IVF_PQ performs IVF index clustering, and then quantizes the product of vectors. Its index file is even smaller than IVF_SQ8, but it also causes a loss of accuracy during searching.
**IVF_SQ8** does scalar quantization for each vector placed in the unit based on IVF. Scalar quantization converts each dimension of the original vector from a 4-byte floating-point number to a 1-byte unsigned integer, so the IVF_SQ8 index file occupies much less space than the IVF_FLAT index file. However, scalar quantization results in a loss of accuracy during searching vectors.
An optimized version of IVF_SQ8 that requires both CPU and GPU to work. Unlike IVF_SQ8, IVF_SQ8H uses a GPU-based coarse quantizer, which greatly reduces the time to quantize.
**ANNOY** (_Approximate Nearest Neighbors Oh Yeah_) is an index that uses a hyperplane to divide a high-dimensional space into multiple subspaces, and then stores them in a tree structure.
When searching for vectors, ANNOY follows the tree structure to find subspaces closer to the target vector, and then compares all the vectors in these subspaces (The number of vectors being compared should not be less than `search_k`) to obtain the final result. Obviously, when the target vector is close to the edge of a certain subspace, sometimes it is necessary to greatly increase the number of searched subspaces to obtain a high recall rate. Therefore, ANNOY uses `n_trees` different methods to divide the whole space, and searches all the dividing methods simultaneously to reduce the probability that the target vector is always at the edge of the subspace.
**HNSW** (_Hierarchical Navigable Small World Graph_) is a graph-based indexing algorithm. It builds a multi-layer navigation structure for an image according to certain rules. In this structure, the upper layers are more sparse and the distances between nodes are farther; the lower layers are denser and the distances between nodes are closer. The search starts from the uppermost layer, finds the node closest to the target in this layer, and then enters the next layer to begin another search. After multiple iterations, it can quickly approach the target position.
**RHNSW_PQ** is a variant index type combining PQ and HNSW. It first uses PQ to quantize the vector, then uses HNSW to quantize the PQ quantization result to get the index.
**RHNSW_SQ** is a variant index type combining SQ and HNSW. It uses SQ to quantize the vector, then uses HNSW to quantize the SQ quantization result to get the index.
**NSG** (_Refined Navigating Spreading-out Graph_) is a graph-based indexing algorithm. It sets the center position of the whole image as a navigation point, and then uses a specific edge selection strategy to control the out-degree of each point (less than or equal to `out_degree`). Therefore, it can reduce memory usage and quickly locate the target position nearby during searching vectors.

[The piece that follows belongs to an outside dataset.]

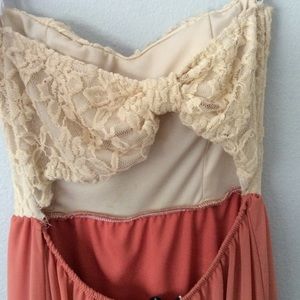 Papaya Dresses - Floor length coral strapless dress! Papaya Dresses - Floor length coral strapless dress!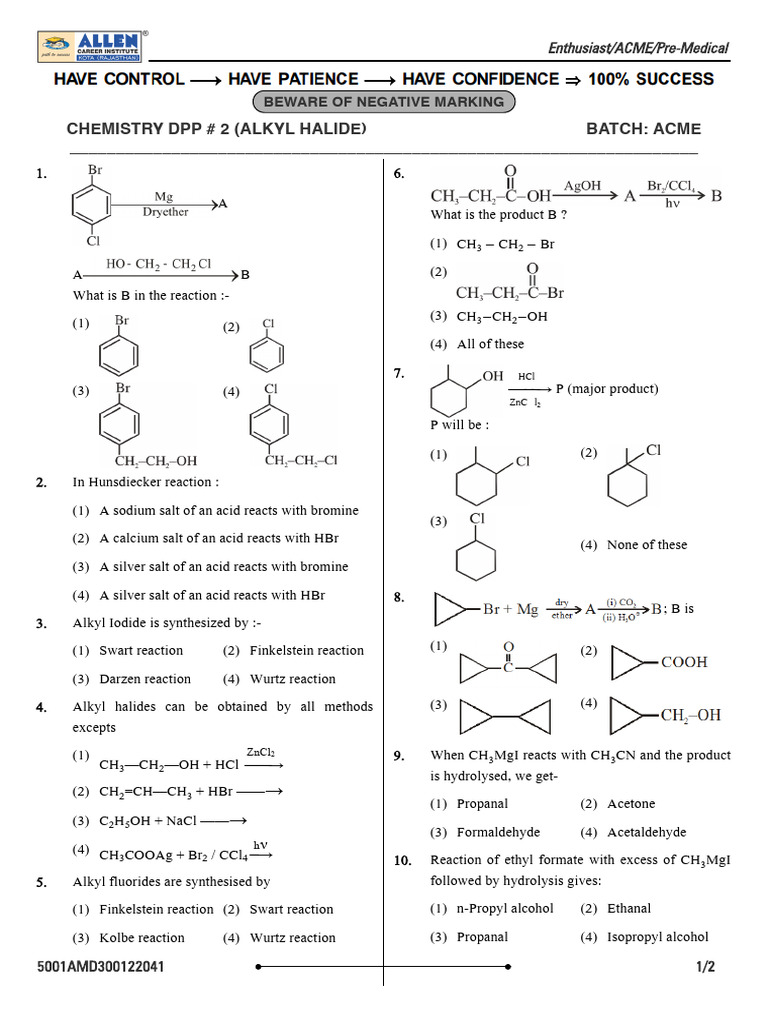 Chemistry DPP # 2 (Alkyl Halide) | PDF | Chloroform | Chemical Compounds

The graph construction process of NSG is as follows:
1. Find `knng` nearest neighbors for each point.
2. Iterate at least `search_length` times based on `knng` nearest neighbor nodes to select `candidate_pool_size` possible nearest neighbor nodes.
3. Construct the out-edge of each point in the selected `candidate_pool_size` nodes according to the edge selection strategy.
The query process is similar to the graph building process. It starts from the navigation point and iterates at least `search_length` times to get the final result.
- building parameters:
**search_length**: Number of query iterations.
**out_degree**: Maximum out-degree of the node.
**candidate_pool_size**: Candidate pool size of the node.